#### Extracted entries
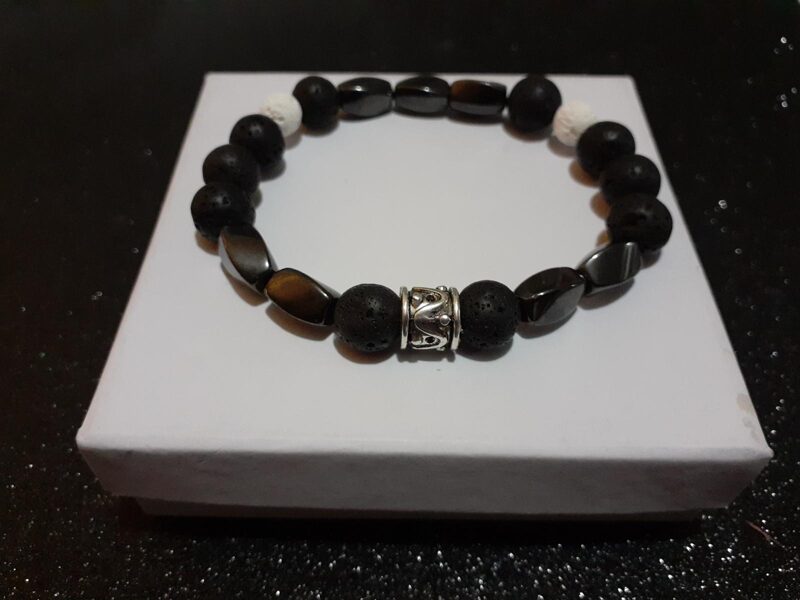 Men's Black & White Lava Gemstone Bracelet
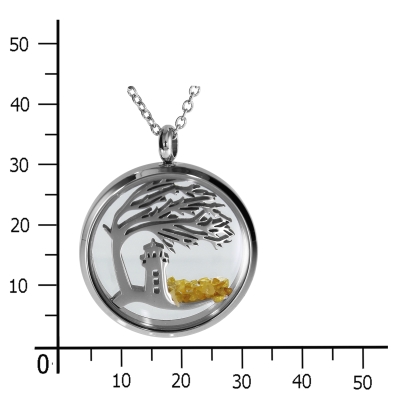 Kette mit Anhänger (30 mm), Edelstahl, Windflüchter, 45 - 50 cm verstellbar, Bernstein Kette mit Anhänger (30 mm), Edelstahl, Windflüchter, 45 - 50 cm verstellbar, Bernstein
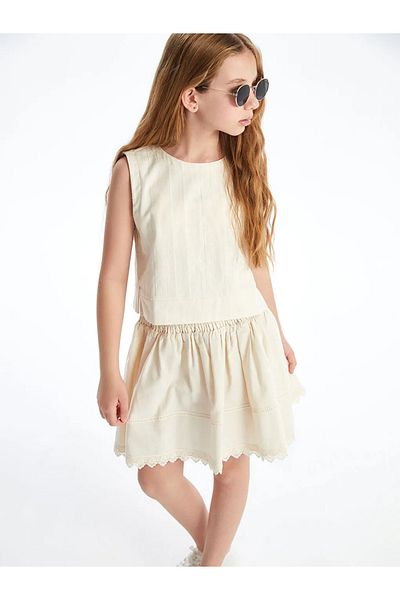 LC Waikiki Lcw Kids Beige Elastic Waist Linen Blend Girl's Skirt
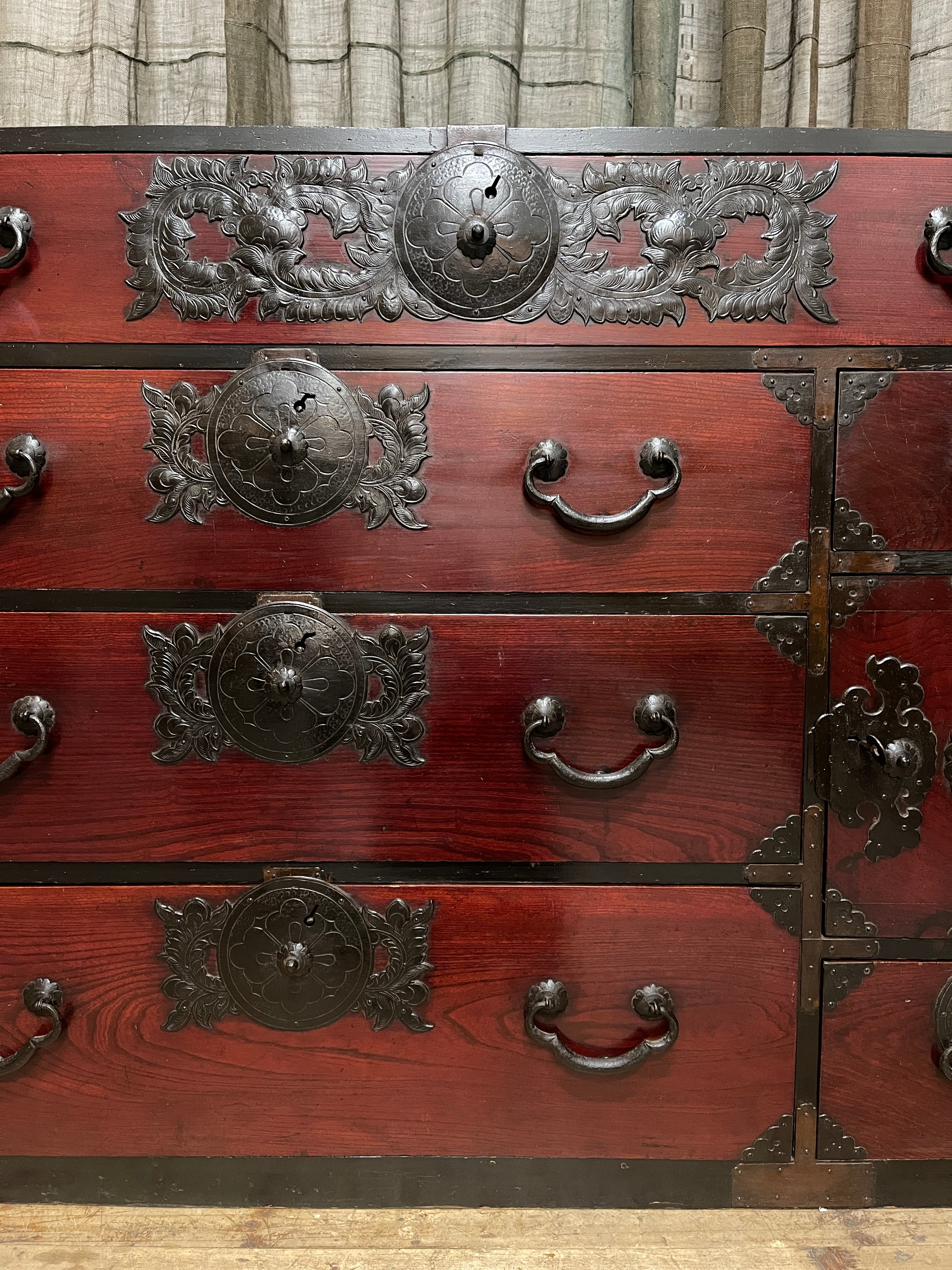 Japanese Lacquered Kimono Chest of Drawers - Meiji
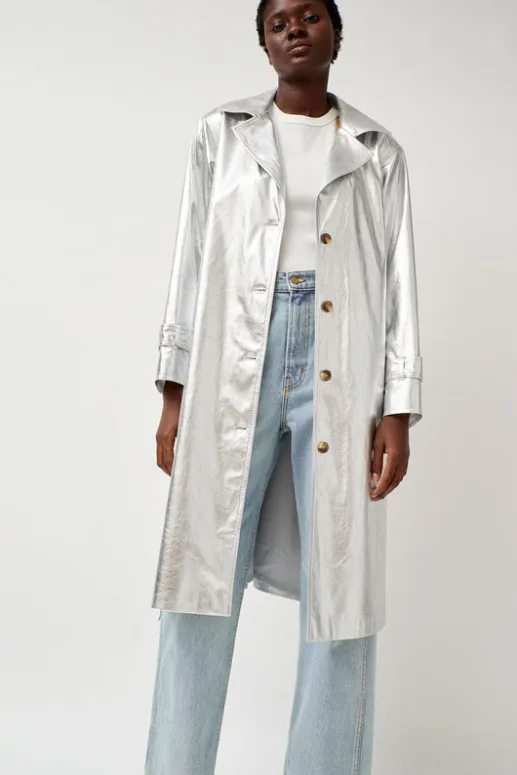 No.6 Store Emile Trench in Silver Faux Leather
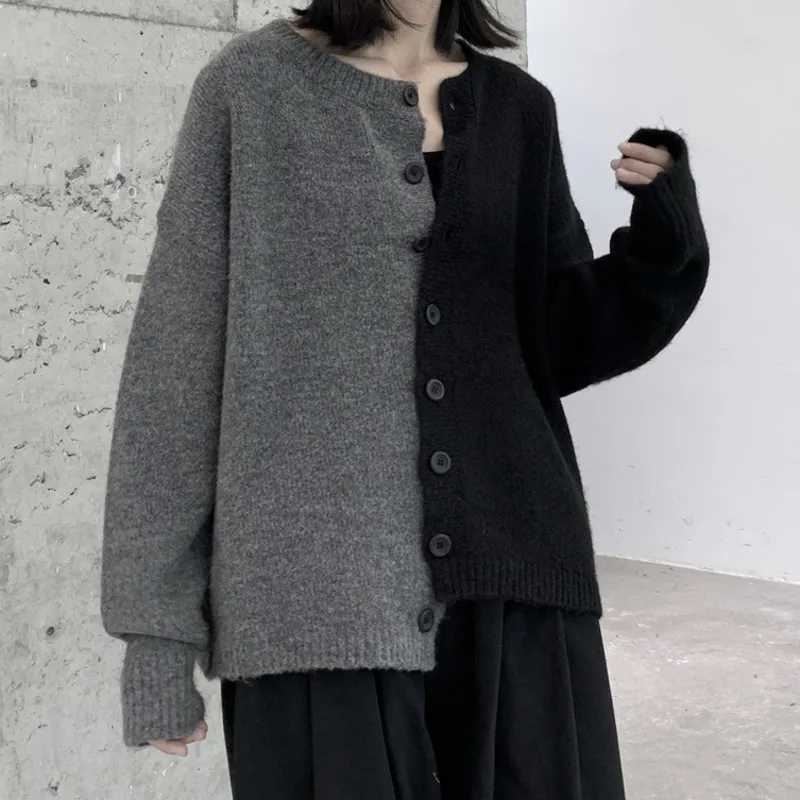 HKSH Autumn Winter New Women Tide Spliced Asymmetric Sweaters Trendy Niche Chic Casual O-Neck Knitted Cardigan Coats Ins HK12648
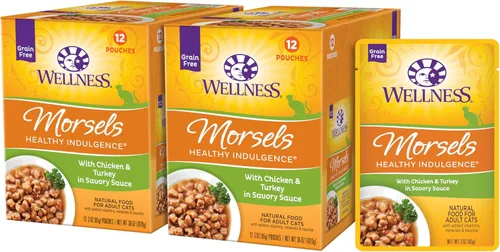Miniatura 10 de Comida húmeda para gatos Healthy Indulgence, libre de granos, bolsa de 3 onzas (paquete de 24 envases), de Wellness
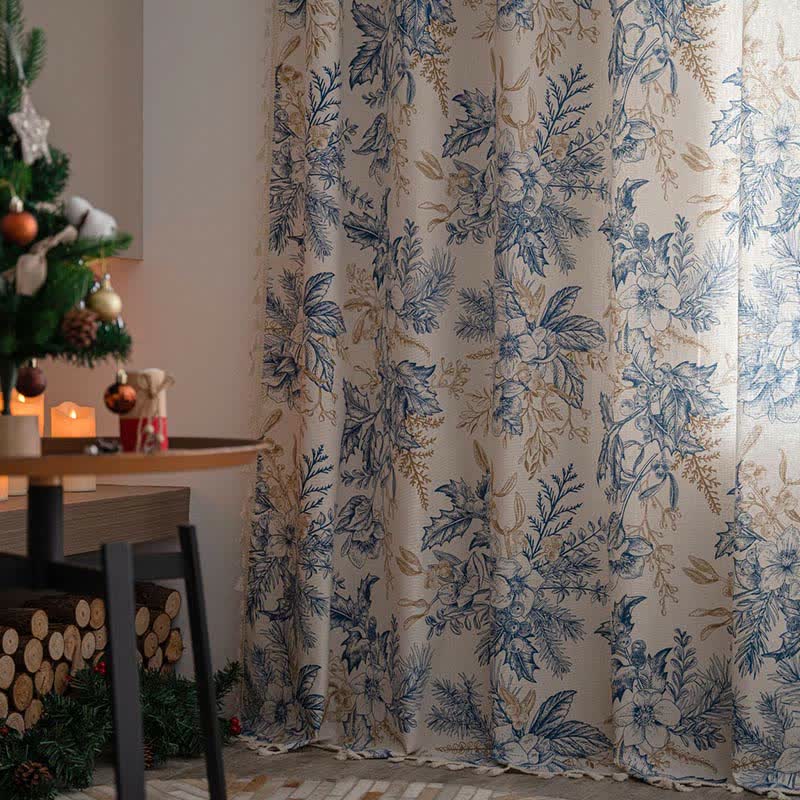 Blue Flower Pine Cotton Linen Light Filtering Curtain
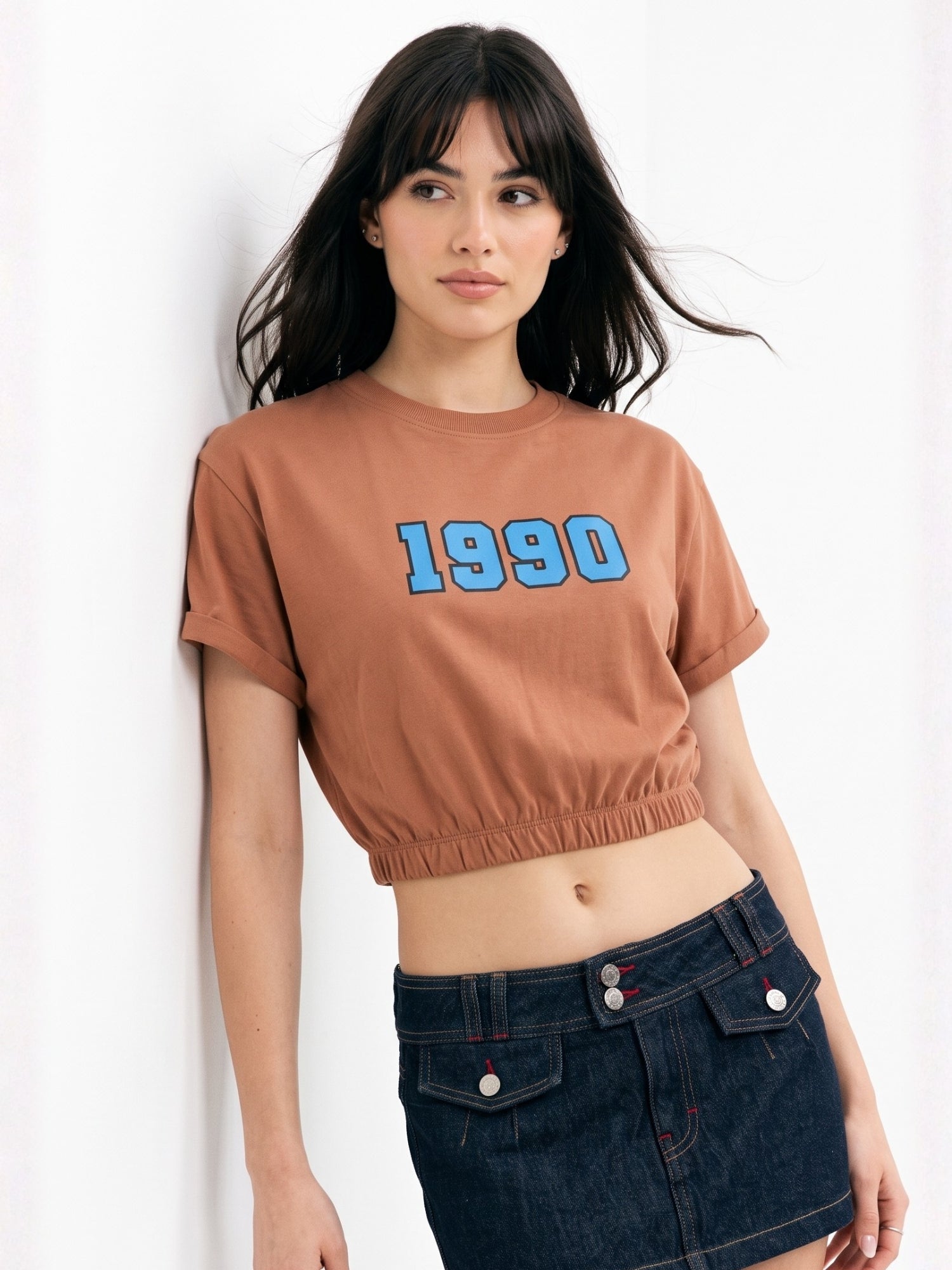 Mauve Boxy Cropped Elasticated Hem Sweatshirt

#### Goal of the exercise
Take the line containing "No.6 Store Emile" through the last line of the material and retype exactly those lines, both ends included, with no pictures.

#### Output of the task
 No.6 Store Emile Trench in Silver Faux Leather
 HKSH Autumn Winter New Women Tide Spliced Asymmetric Sweaters Trendy Niche Chic Casual O-Neck Knitted Cardigan Coats Ins HK12648
Miniatura 10 de Comida húmeda para gatos Healthy Indulgence, libre de granos, bolsa de 3 onzas (paquete de 24 envases), de Wellness
 Blue Flower Pine Cotton Linen Light Filtering Curtain
 Mauve Boxy Cropped Elasticated Hem Sweatshirt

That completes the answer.